Chris Burton from the Computer Conservation Society took the story even further back with the story of the Manchester Baby, the first electronic stored-programme computer (presentation 4). Chris was followed by Sir Anthony Cleaver, former chairman of IBM, who gave the first of two talks on the many significant innovations made at IBM Hursley (presentation 5), and the session concluded with a panel discussion bringing together all the participants (presentation 6).
Another of our Fellows, Alan Bundy FRS, led session 2 on AI with an account of the early years of the discipline at the University of Edinburgh, where Alan has worked since 1971 (presentation 7). Following this, the workshop audience heard from Tony Hey, who returned to the theme of the transputer and the UK’s important contribution to supercomputing (presentation 8).
Turning to the theme of People in computing, session 3 began with science writer and broadcaster Georgina Ferry and her talk on LEO, the Lyons Electronic Office, used by catering company Lyons as a management information system – the first ever use of a computer in this type of business application (presentation 9). We then heard an eye-witness account of the lives of three UK computer pioneers, Maurice Wilkes FRS, David Wheeler FRS and Roger Needham FRS, from David Hartley, who worked closely with all three in Cambridge (presentation 10). Session 3 wrapped up with a ‘lightning talk’ from John Naughton, author of A brief history of the future, intriguingly titled ‘Memoir of a recovering Utopian’. Recovering from what? You’ll have to watch the video to find out! (presentation 11).

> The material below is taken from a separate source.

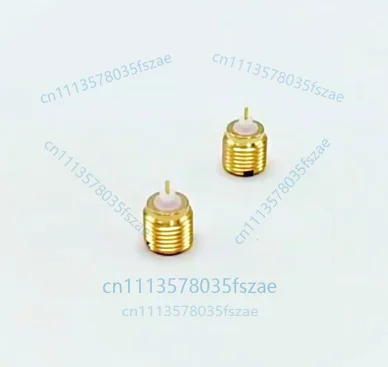 1pc smp-jyd-1-1.5-s small optical hole connector smp-jyd-1-1.5-l semi-detent blind plug straight male socket accessories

The fourth and final session dealt with the theme of Software, and began with a return to Hursley in the company of the second of our IBM speakers, Chris Sharp, who gave a summary of more than 60 years of software innovation and the engineers who have driven it forward (presentation 12). Our Royal Society archivists all tuned in keenly to the next talk, in which David Holdsworth gave some pointers on the important topic of preserving computer software as historical artefacts (presentation 13). To conclude the session and our series of videos, a panel featuring Martin Campbell-Kelly, Troy Astarte and David E Dunning provided their own personal reflections on the history of software (presentation 14).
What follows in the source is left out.